**EXERCISE OBJECTIVE:** Below are entries; repeat exactly, and nothing else, the lines from the one holding "Men's Paul Smith" through the one holding "Blocky headcrab creature near village houses", inclusive. Leave the pictures out.

**AVAILABLE DATA:**
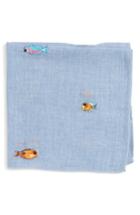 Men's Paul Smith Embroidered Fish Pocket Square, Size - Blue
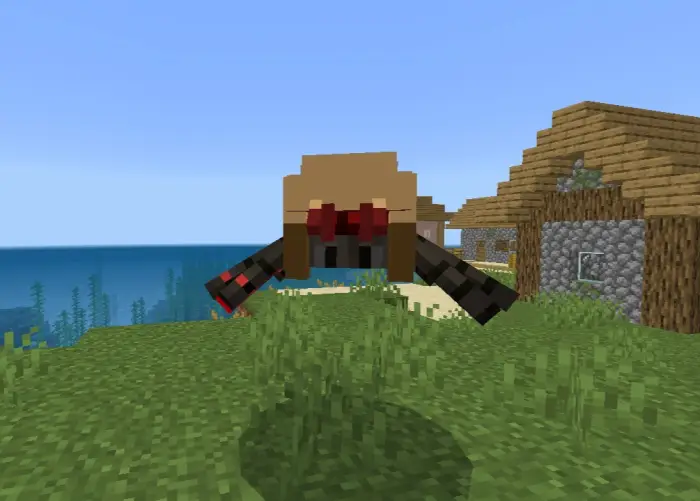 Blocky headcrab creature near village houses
* * *
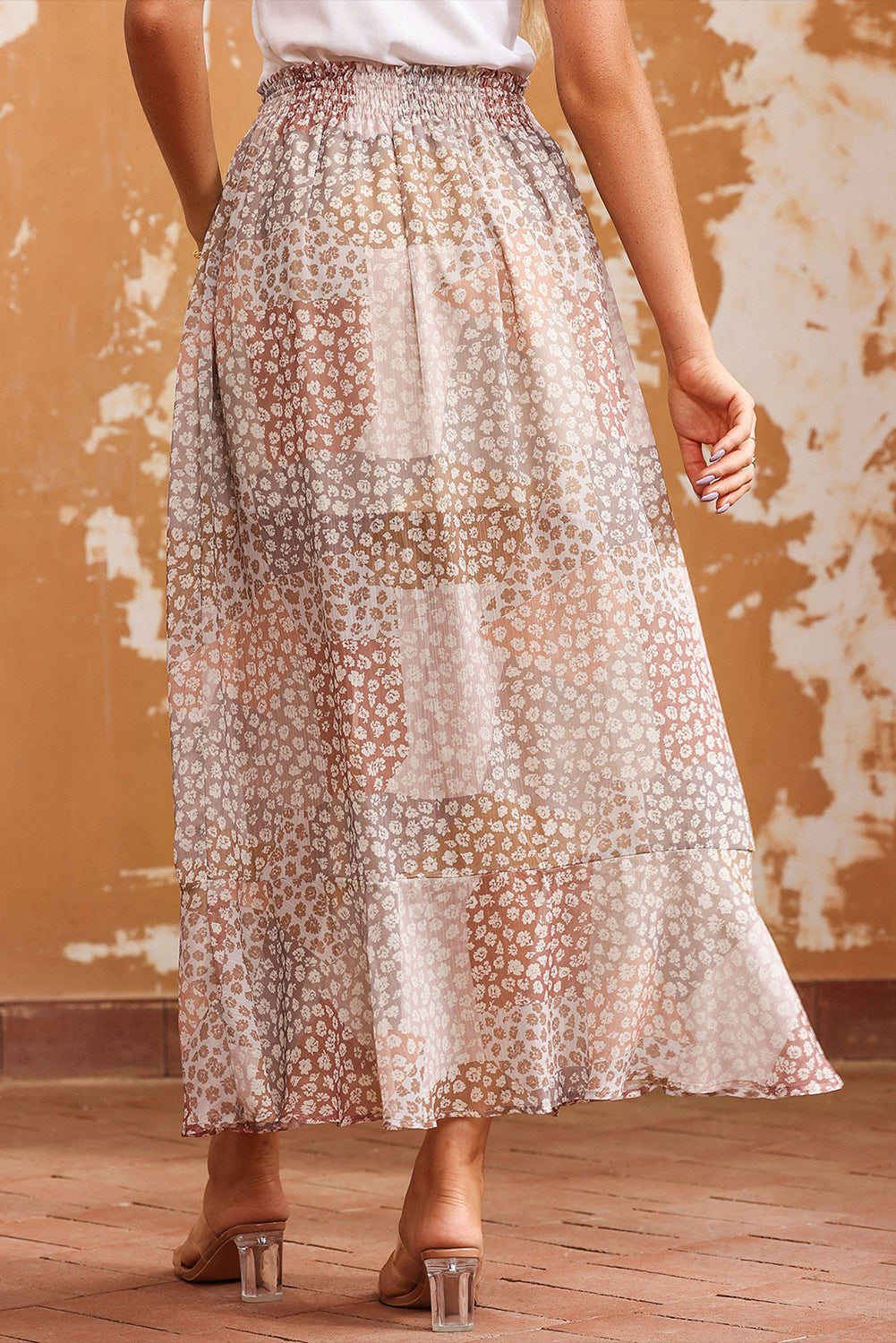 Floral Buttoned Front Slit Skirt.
* * *
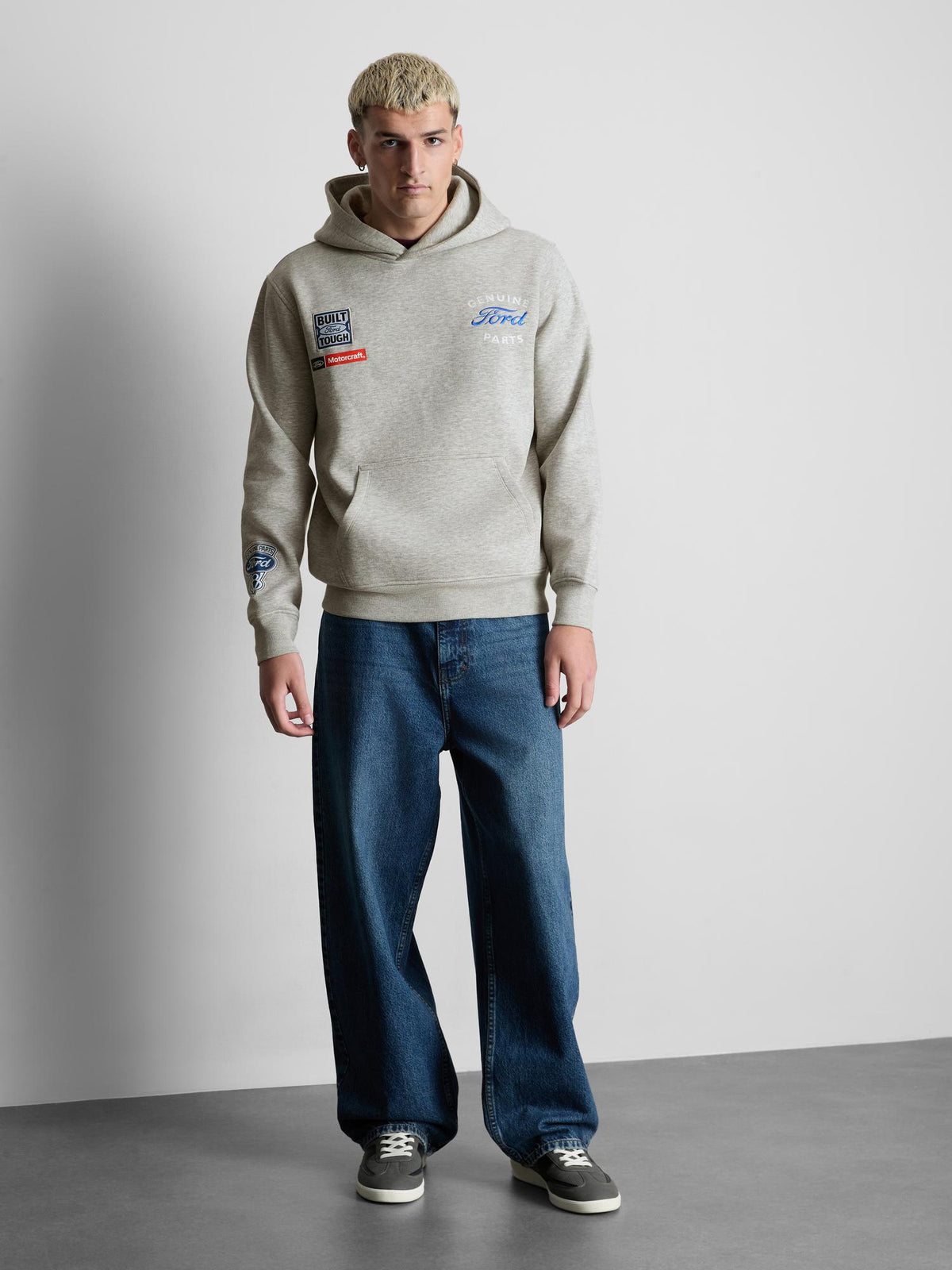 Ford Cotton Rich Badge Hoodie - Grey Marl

**ANSWER SPACE:**
 Men's Paul Smith Embroidered Fish Pocket Square, Size - Blue
 Blocky headcrab creature near village houses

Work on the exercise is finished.